The man has a daughter at Syracuse University who is now abroad, ” ‘Cause, Daddy,’—he imitates her affected lisp for me—’Florence is part of Syracuse University.’ ” The man is sure she will return “with some Guinea” who will get Daddy to open a pizza parlor for him, and Exley muses on the anti-Italian assurances of this man, himself Italian. Finally, after being rebuffed a couple of times, Exley gets him to say where he lives:

He mumbled something I didn’t catch.

“What’s that?” I was insistent.

Panacea,” he snapped. “Panacea!
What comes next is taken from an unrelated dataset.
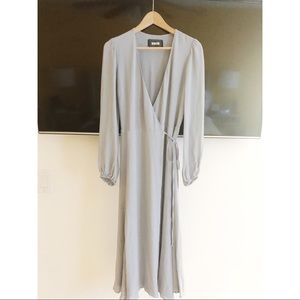 [ Reformation ] light blue wrap dress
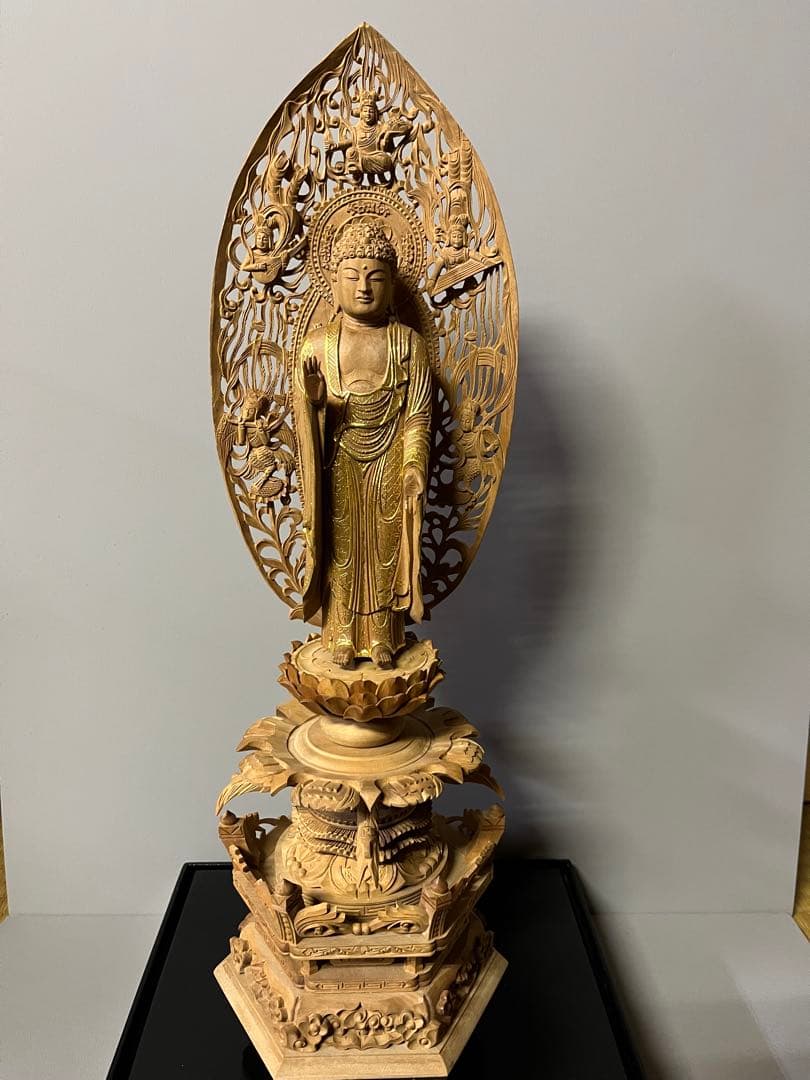 仏像　総白檀　仏像　木彫　舟立阿弥陀　六角台座ケマン付　飛天光背　金泥書　16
I ain’t shittin’ yuh!”

Wide-eyed with mirth, I said, “P-A-N-A-C-E-A?”

But “the height of fuckin’ pretension” or not, Panacea is “Home, Exley, Home,” and soon he is off for his plane and Exley is back with his terrible homelessness.

What makes this scene so good is that when the other person doesn’t threaten or implicate him Exley can be a fan indeed and he can make us love this conversation and the man’s life that has found its peace. Later Exley learns that the place hit hardest by Hurricane Agnes is Panacea. He has the inspired notion of calling the police there. He doesn’t know his friend’s name, so he pours out all the details he does know: “Yeah, the heavy equipment business. An Italian guy. Lives right on the Gulf there, a white stucco house with a pool.” But he is drunk, and the cop at the other end has a hurricane to clean up, so he just hangs up, which is probably just as well all around. It is all so unaffected when Exley can relax and tell his stories.

This fine scene makes clear as perhaps nothing else in either book that Exley is very much in need of a subject that is not himself, or, failing that, a way of writing about himself that won’t equate self-regard and self-pity and will keep both off the page. On the evidence, there’s no reason to believe he can do this, but Exley can be good enough, and fun enough to read even when he’s awful, to make one want to hope.